C’est pourquoi beaucoup de nos contemporains nous reprocheront de nourrir ce projet comme une évasion du réel. « Parlez-nous plutôt de la paix à promouvoir, nous diront-ils, ou de la lutte contre la faim dans le monde, ou de l’exploitation des plus pauvres, etc. » Oui, mais ! Au nom de quoi vais-je m’engager dans ces nobles causes ? Si vous êtes chrétiens, vous allez me répondre : « Parce que c’est la volonté de Dieu, parce que c’est toute la prédication de l’Évangile du Christ ». Et si vous n’êtes pas croyants, vous me direz simplement : « Au nom de la simple humanité ». Alors, je m’interroge. La simple humanité ? Il est hélas simplement humain de se hisser à un degré plus élevé dans l’échelle sociale, quitte à écraser les autres. Il est terriblement humain de nous combattre, de nous affronter, de vivre en frères ennemis. Il est humain de se situer dans un monde d’exploiteurs et d’exploités. L’homme n’est-il pas un loup pour l’homme ? Alors, la « simple humanité » ? Et la volonté de Dieu, telle qu’elle s’exprime dans l’Évangile, qui la respecte dans les cas difficiles ?
Bref, la parole de l’Évangile elle-même réclame un fondement. Elle n’est pas d’abord une règle morale, une consigne d’action, une « éthique ». Elle est une révélation, en ce sens qu’elle révèle le fond des choses, ce qui fait que l’univers existe, l’ultime vérité. C’est-à-dire, ce que nous appelons « Dieu ». C’est seulement comme une conséquence de cette révélation qu’on pourra y lire des règles de vie, une « éthique ». Aussi, je regarde l’Évangile. Pas comme un livre, mais comme la présence d’une personne vivante, Jésus. Avant de l’écouter, je vais le regarder, faire attention à ses gestes, à ses comportements. C’est lui qui nous redit : « Qui m’a vu a vu le Père », car « le Père et moi nous sommes Un ». Et « c’est l’Esprit qui rend témoignage ». C’est lui qui nous fait dire « Père » quand nous parlons à Dieu, qui nous enseigne le Fils et nous donne des attitudes filiales.
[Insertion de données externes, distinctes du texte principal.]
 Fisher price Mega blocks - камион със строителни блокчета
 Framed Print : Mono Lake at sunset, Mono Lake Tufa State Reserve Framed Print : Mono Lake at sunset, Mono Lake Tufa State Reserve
Dans notre prière personnelle comme dans toute liturgie, nous prions le Dieu Trinité. Ainsi, nous apprenons que le fondement de tout ce qui existe n’est pas solitude, mais société, lien, relation. Et, par voie de conséquence, nous ne pouvons accéder à la vérité de notre être, c’est-à-dire à l’image et à la ressemblance de Dieu, et même à la « participation à la nature divine », qu’en nous liant aux autres par des liens d’amour. Le mystère de la sainte Trinité n’est donc pas une élaboration intellectuelle de savants théologiens, c’est la base et le moteur de notre vie personnelle et de toute notre vie en société.